In revving up his election spiel Shorten said spending on health was an investment, not a cost. He says investment in health is basic to economic growth. It would be an important battleground if Turnbull would engage. The pointy end is that Labor is choosing to invest in Medicare and the Pharmaceutical Benefits Scheme rather than spending money on company tax relief.
Turnbull just says it’s unfunded, which is a lie, and he knows it.
Labor will end the freeze on Medicare payments to GPs, started as a temporary measure in 2012 by Labor and extended by Abbott/Turnbull to 2020. The policy would apply from 1 January 2017, at a cost of $2.4bn over the next four years, and $12.2bn over the decade.
On the box Matthias Corman said the bulk billing rates were over 80% and had continued to rise under the LNP. That surprised me, but may not be far from the truth. An article in the Oz (paywalled, but Google Sean Parnell Bulk-billing rates have continued to rise under the Coalition) says:
- the overall bulk-billing rate was 78.1 per cent, compared with 77.5 per cent for the same period the year before.
For unreferred GP attendances, excluding nurses, the rate was 84.8 per cent, compared with 84 per cent previously, suggesting the larger corporate clinics have absorbed the added financial pressure.

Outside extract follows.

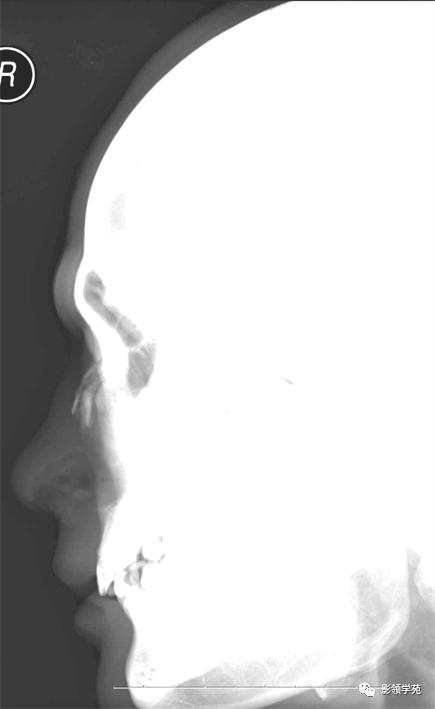 鼻骨骨折的检查方法,鼻骨骨折影像学表现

A 2015 survey found that 71.17% of respondents reported that their most recent GP visit was bulk billed. Seems the tendency to bulk bill is related to the number of GPs in the area, patient characteristics and the nature of the visit.
A Fact Check from 2013 shows that it was high and rising under Labor, about as high as it is now. The fact check was done to test the claim made by Tanya Plibersek before the 2013 election:
- “The bulk-billing rates are at historic highs now. Visits to GPs are 82% bulk-billed. When Tony Abbott was minister it was 67%.”
It seems Plibersek was cherry-picking, as this graph shows:
The blue lines mark the time Abbott was health minister. From the graph it looks as though Abbott may have done something to change the trend, but I don’t know what.
Nevertheless if the rate has only risen a couple of percentage points under the present government, Cormann’s statement was misleading. It looks as though bulk billing rate is pretty much flatlining, and the talk is that the system is under severe strain. The full fee is about double the Medicare rebate. If the freeze continues a co-payment of $15 is being spoken about for a standard GP visit.
Now Shorten has also pledged to axe the 2014 budget cut to the pharmaceutical benefits scheme, which has been booked as saving $1.3bn but is blocked by the Senate. It’s part of the $18 billion worth of ‘savings’ technically in the budget, but in limbo because of a hostile senate.
- Under the government’s plan, general patients would make a $5 co-payment and concession patients would pay an extra 80 cents on each prescription and there are also increases to the scheme’s safety net threshold.
Dumping that plan would cost $3.6 billion over 10 years, which again Labor is offsetting against the company tax cut.
Here’s Shorten spruiking his plans:
- The Liberals keep saying that Australia has to choose between good schools, decent healthcare, and fair pay on one hand or a growing economy.
It’s is a false choice the Turnbull conservatives love so much: that you can only have a strong economy or you can only have a fair society but you can’t have both.
We in the mighty Labor Party, we understand that growth and fairness are not mutually exclusive – they are not enemies opposed.
Each depends upon the other and reinforces the other.
Labor knows investing in people is the best growth strategy that Australia ever had and ever will have going forward.
Certainly a healthier population will be more productive.
Shorten also says the LNP “allocated $5m for a secret government taskforce to investigate the fastest way to privatize parts of Medicare.”